UTF-8 byte[] to String

661,112

Solution 1

Look at the constructor for String

String str = new String(bytes, StandardCharsets.UTF_8);

And if you're feeling lazy, you can use the Apache Commons IO library to convert the InputStream to a String directly:

String str = IOUtils.toString(inputStream, StandardCharsets.UTF_8);

Solution 2

Java String class has a built-in-constructor for converting byte array to string.

byte[] byteArray = new byte[] {87, 79, 87, 46, 46, 46};

String value = new String(byteArray, "UTF-8");

Solution 3

To convert utf-8 data, you can't assume a 1-1 correspondence between bytes and characters. Try this:

String file_string = new String(bytes, "UTF-8");

(Bah. I see I'm way to slow in hitting the Post Your Answer button.)

To read an entire file as a String, do something like this:

public String openFileToString(String fileName) throws IOException
{
    InputStream is = new BufferedInputStream(new FileInputStream(fileName));

    try {
        InputStreamReader rdr = new InputStreamReader(is, "UTF-8");
        StringBuilder contents = new StringBuilder();
        char[] buff = new char[4096];
        int len = rdr.read(buff);
        while (len >= 0) {
            contents.append(buff, 0, len);
        }
        return buff.toString();
    } finally {
        try {
            is.close();
        } catch (Exception e) {
            // log error in closing the file
        }
    }
}

Solution 4

You can use the String(byte[] bytes) constructor for that. See this link for details. EDIT You also have to consider your plateform's default charset as per the java doc:

Constructs a new String by decoding the specified array of bytes using the platform's default charset.
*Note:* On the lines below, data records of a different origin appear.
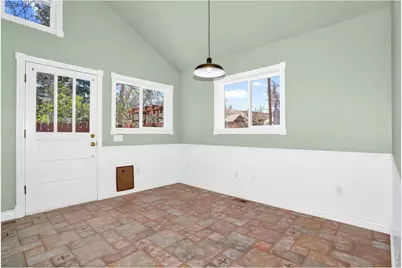 421 Stickney Ave, Lyons, CO 80540 - Photo 7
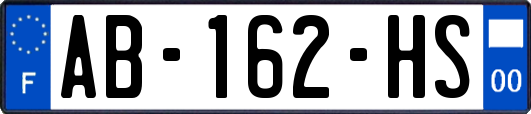 AB-162-HS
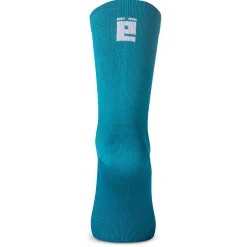 Calze Jëuf Pro - Acqua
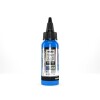 Azure Blue - Viking By Dynamic 30ml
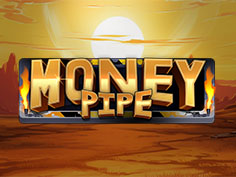 Money Pipe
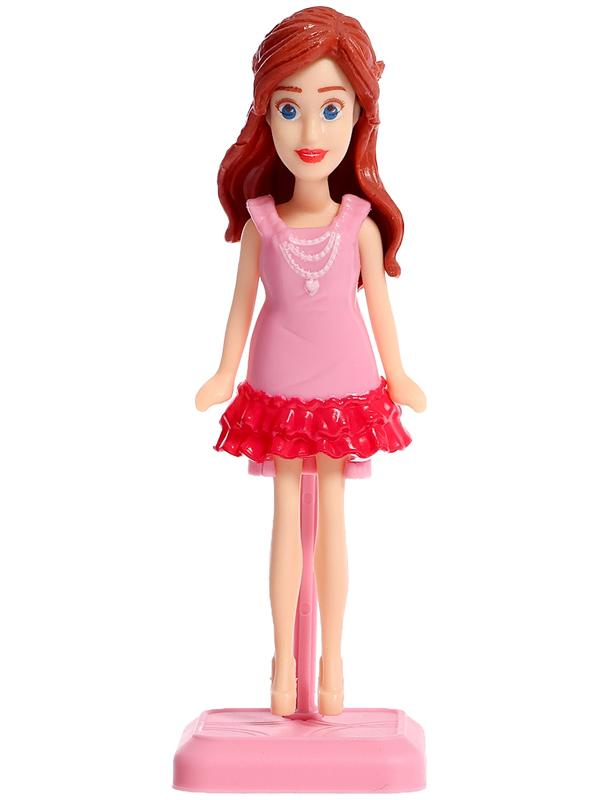 Игровой набор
The length of the new String is a function of the charset, and hence may not be equal to the length of the byte array. The behavior of this constructor when the given bytes are not valid in the default charset is unspecified. The CharsetDecoder class should be used when more control over the decoding process is required.

Solution 5

Knowing that you are dealing with a UTF-8 byte array, you'll definitely want to use the String constructor that accepts a charset name. Otherwise you may leave yourself open to some charset encoding based security vulnerabilities. Note that it throws UnsupportedEncodingException which you'll have to handle. Something like this:

public String openFileToString(String fileName) {
    String file_string;
    try {
        file_string = new String(_bytes, "UTF-8");
    } catch (UnsupportedEncodingException e) {
        // this should never happen because "UTF-8" is hard-coded.
        throw new IllegalStateException(e);
    }
    return file_string;
}
Share:
661,112

Related videos on Youtube

skeryl
Author by

skeryl

loquacious/sarcastic

Updated on April 18, 2020

Comments

  • skeryl
    skeryl about 4 years

    Let's suppose I have just used a BufferedInputStream to read the bytes of a UTF-8 encoded text file into a byte array. I know that I can use the following routine to convert the bytes to a string, but is there a more efficient/smarter way of doing this than just iterating through the bytes and converting each one?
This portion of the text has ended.